===== EXERCISE INPUT

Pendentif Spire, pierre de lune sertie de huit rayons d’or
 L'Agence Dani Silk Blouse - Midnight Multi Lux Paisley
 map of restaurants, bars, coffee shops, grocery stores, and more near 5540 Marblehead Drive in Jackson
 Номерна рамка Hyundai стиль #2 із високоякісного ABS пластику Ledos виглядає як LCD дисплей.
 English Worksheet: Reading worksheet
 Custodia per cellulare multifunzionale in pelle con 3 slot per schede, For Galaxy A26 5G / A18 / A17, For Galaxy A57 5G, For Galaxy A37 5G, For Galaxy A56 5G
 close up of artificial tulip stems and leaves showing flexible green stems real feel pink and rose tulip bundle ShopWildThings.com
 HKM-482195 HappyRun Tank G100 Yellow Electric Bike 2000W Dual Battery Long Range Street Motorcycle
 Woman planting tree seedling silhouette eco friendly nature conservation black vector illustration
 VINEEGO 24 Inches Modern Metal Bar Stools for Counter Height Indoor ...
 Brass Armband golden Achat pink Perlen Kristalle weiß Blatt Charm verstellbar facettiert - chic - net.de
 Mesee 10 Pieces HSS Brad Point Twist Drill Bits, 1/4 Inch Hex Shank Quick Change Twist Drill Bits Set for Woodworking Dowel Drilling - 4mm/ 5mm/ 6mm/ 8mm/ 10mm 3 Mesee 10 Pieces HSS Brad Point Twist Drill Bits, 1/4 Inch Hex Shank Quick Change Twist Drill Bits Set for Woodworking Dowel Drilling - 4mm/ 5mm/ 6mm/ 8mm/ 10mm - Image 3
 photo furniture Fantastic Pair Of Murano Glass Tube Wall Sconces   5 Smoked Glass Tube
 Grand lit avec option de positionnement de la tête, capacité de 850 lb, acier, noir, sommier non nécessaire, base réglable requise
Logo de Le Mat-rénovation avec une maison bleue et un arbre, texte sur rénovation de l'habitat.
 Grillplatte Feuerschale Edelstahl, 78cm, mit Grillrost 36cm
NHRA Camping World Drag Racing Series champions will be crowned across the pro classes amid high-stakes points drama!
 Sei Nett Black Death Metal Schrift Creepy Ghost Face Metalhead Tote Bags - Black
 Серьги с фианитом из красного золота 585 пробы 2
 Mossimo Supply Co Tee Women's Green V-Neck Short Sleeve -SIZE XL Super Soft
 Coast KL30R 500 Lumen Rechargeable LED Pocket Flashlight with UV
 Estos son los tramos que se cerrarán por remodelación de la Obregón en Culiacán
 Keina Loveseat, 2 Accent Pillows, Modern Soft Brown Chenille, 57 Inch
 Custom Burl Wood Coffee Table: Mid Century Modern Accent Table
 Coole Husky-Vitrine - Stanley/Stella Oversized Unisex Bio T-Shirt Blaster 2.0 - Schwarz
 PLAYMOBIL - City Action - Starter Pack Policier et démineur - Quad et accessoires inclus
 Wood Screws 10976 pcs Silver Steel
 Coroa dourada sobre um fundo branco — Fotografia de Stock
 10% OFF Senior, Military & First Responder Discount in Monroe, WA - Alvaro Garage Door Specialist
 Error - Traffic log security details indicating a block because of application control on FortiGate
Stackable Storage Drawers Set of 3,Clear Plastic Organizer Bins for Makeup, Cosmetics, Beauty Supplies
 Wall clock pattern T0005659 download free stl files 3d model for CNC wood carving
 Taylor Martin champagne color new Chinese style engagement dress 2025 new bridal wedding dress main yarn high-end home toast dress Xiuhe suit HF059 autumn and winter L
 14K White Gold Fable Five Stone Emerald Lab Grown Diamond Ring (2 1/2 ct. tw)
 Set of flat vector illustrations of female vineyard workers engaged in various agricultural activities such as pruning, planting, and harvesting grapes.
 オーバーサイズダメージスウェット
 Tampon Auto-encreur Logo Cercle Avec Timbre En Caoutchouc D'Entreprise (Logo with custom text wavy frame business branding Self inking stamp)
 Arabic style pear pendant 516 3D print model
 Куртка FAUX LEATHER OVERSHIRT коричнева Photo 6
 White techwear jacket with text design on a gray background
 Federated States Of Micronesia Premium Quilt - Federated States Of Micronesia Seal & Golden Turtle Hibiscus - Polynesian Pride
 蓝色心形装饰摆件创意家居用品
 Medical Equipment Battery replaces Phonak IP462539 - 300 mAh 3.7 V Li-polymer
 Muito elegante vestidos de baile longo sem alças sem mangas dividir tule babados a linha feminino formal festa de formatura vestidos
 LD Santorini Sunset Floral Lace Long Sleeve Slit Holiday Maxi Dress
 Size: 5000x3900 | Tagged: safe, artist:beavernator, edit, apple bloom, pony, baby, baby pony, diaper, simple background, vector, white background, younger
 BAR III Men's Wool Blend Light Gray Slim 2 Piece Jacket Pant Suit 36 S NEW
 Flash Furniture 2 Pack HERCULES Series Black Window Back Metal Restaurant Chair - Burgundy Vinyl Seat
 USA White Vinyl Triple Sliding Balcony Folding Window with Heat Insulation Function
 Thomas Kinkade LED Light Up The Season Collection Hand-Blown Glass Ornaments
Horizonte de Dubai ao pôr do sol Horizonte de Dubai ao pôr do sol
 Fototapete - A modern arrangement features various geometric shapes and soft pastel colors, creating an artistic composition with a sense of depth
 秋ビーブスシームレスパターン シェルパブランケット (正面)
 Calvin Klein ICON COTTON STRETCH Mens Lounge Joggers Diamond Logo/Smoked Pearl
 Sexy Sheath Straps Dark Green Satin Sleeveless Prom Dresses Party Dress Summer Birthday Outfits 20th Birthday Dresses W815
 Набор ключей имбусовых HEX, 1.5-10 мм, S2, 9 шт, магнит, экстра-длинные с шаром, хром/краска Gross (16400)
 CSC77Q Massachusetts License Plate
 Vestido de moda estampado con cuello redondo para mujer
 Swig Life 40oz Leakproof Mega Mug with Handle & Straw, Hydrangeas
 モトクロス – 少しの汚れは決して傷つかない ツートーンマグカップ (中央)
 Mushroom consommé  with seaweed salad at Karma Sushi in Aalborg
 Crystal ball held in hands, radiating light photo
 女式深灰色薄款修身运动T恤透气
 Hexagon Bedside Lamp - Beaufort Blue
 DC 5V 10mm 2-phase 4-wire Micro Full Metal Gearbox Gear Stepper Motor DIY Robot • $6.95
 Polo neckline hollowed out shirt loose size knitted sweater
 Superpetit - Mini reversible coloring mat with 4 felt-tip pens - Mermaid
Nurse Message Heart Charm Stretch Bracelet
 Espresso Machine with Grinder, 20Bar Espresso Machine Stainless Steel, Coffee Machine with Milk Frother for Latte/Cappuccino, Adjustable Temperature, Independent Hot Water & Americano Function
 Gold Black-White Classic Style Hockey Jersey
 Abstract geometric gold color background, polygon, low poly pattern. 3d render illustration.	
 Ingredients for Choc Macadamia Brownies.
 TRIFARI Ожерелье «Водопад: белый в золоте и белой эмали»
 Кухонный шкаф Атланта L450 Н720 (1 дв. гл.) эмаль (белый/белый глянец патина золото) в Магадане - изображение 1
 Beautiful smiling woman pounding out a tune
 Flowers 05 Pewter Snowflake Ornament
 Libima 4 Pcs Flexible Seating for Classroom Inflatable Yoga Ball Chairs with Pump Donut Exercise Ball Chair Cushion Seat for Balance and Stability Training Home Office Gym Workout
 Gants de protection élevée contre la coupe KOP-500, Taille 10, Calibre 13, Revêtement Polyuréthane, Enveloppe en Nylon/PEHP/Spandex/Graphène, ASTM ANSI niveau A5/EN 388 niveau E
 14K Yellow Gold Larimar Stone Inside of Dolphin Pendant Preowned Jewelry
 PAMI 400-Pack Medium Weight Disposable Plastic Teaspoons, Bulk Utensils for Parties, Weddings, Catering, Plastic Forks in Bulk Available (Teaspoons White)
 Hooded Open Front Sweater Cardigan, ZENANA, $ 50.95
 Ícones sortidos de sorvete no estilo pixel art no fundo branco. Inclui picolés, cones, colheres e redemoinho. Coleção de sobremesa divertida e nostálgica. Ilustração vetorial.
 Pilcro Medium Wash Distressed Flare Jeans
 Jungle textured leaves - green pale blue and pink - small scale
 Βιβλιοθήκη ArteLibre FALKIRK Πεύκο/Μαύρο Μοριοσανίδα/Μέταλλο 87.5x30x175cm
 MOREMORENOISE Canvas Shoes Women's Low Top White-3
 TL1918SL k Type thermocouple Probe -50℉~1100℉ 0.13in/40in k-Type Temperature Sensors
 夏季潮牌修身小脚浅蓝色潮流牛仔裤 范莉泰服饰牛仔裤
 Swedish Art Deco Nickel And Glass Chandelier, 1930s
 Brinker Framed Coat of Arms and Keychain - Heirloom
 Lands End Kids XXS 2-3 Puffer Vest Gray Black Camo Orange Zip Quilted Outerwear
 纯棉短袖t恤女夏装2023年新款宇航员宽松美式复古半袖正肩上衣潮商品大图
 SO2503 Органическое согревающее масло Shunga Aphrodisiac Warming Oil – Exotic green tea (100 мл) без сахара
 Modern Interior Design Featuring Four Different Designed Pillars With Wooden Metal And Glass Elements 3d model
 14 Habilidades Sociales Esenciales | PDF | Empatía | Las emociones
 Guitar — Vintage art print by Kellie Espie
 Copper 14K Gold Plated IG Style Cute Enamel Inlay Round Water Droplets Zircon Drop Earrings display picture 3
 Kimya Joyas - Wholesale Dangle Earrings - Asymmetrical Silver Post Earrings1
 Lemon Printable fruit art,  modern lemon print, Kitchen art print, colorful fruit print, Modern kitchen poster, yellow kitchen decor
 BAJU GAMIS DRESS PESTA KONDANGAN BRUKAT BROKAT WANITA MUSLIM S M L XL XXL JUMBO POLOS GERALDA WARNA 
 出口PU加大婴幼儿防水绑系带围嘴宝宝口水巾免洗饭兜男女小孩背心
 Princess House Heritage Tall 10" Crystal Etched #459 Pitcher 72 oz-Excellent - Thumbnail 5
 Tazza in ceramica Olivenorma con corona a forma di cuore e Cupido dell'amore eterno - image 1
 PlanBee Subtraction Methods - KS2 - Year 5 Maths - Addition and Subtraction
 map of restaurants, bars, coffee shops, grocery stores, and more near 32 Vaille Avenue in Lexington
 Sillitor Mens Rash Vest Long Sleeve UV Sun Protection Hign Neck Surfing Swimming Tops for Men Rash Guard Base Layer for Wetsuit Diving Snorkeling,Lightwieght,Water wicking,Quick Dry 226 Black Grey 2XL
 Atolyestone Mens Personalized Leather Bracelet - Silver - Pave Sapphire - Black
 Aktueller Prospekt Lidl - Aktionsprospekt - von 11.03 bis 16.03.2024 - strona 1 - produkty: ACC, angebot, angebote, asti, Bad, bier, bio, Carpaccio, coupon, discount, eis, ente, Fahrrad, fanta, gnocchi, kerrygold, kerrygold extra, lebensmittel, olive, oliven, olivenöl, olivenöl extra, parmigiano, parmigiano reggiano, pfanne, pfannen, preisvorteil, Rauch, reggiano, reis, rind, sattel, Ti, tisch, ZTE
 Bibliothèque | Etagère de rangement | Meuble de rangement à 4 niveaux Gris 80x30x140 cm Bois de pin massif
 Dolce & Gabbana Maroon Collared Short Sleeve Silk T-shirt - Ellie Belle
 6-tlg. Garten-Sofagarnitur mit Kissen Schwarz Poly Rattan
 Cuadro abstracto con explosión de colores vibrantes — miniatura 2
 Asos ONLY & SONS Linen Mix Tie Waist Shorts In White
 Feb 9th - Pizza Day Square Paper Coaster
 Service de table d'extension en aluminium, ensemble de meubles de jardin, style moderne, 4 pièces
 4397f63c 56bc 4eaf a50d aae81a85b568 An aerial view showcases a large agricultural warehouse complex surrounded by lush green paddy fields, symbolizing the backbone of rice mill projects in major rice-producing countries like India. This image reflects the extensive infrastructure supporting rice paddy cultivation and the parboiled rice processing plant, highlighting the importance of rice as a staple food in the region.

==========

* PROBLEM STATEMENT
Each line above from the one with "Flowers 05 Pewter Snowflake Ornament" up to and including the one with "Gants de protection" must be set down exactly, and no line outside that span may appear.

* SOLVED EXERCISE
 Flowers 05 Pewter Snowflake Ornament
 Libima 4 Pcs Flexible Seating for Classroom Inflatable Yoga Ball Chairs with Pump Donut Exercise Ball Chair Cushion Seat for Balance and Stability Training Home Office Gym Workout
 Gants de protection élevée contre la coupe KOP-500, Taille 10, Calibre 13, Revêtement Polyuréthane, Enveloppe en Nylon/PEHP/Spandex/Graphène, ASTM ANSI niveau A5/EN 388 niveau E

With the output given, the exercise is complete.